International Construction Law Review
NON-PECUNIARY DAMAGES IN CONSTRUCTION CONTRACT CLAIMS: LOOKING FOR PRINCIPLES
M. Saleh Jaberi*
Partner, ESK Law Firm
Unlike compensation for pecuniary losses, the common law courts have traditionally been averse to awarding damages for non-pecuniary harm resulting from breaches of contract, as such losses used to be considered unforeseeable. However, several exceptions have developed and the courts have awarded damages for emotional distress where the main object of a contract was personal, or a breach of contract led to physical inconvenience. Although the essential nature of construction contracts is material, a review of the authorities shows that the courts have often awarded damages for non-material damage in residential building cases. This article looks for the principles and tests that have been used by the courts to award damages for non-pecuniary losses in construction cases, despite ongoing objections.
I. INTRODUCTION
One of the main purposes of the law in ancient societies was to regulate people’s behaviour and protect their property against physical damage. The primitive and punitive Code of Hammurabi, based on even older collections of Sumerian and Akkadian law, provides for economic compensation or restitution for building damage.1 The Twelve Tables, known as the first code of Roman law, and the lex Aquilia that partly displaced the Tables in the early third century BC, provided for the payment of monetary compensation for property damage.2 Several centuries of discussions have followed regarding the theory of restitution and the consequences of civil liability. However, it is believed that the distinction between pecuniary and non-pecuniary losses was not clearly drawn until the nineteenth century.3
* Dr M Saleh Jaberi is an attorney at law and a partner at ESK Law Firm. He is also the author of the book, Construction Law, and is actively involved in construction contracts. (Jaberi@esklawfirm.com). He is indebted to Mr Richard Harding KC of Keating Chambers, London, for his assistance with the finalisation of this article.

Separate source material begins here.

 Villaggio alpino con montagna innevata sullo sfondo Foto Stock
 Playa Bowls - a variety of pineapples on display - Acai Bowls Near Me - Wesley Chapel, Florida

1 Sections 232 and 233 of The Code of Hammurabi (LW King trans, 1910) (ca 1750 BC) state:
“232. If it ruin goods, he shall make compensation for all that has been ruined, and inasmuch as he did not construct properly this house which he built and it fell, he shall re-erect the house from his own means. 233. If a builder build a house for someone, even though he has not yet completed it; if then the walls seem toppling, the builder must make the walls solid from his own means.”
2 Ibbetson, D, “Wrongs and Responsibility in Pre-Roman Law”, Journal of Legal History, Vol 25, No 2, August 2004, page 113. See also, “Roman Statutes”, Edited by Crawford, M, Institute of Classical Studies, London 1996, Bulletin of the Institute of Classical Studies, Supplement 64.
3 Jansen, N, “Trapped in categories: On the history of compensation for immaterial damages in European contract law”, The Recovery of Non-Pecuniary Loss in European Contract Law, Edited by Palmer, V V,
(Cambridge University Press, 2015), page 23.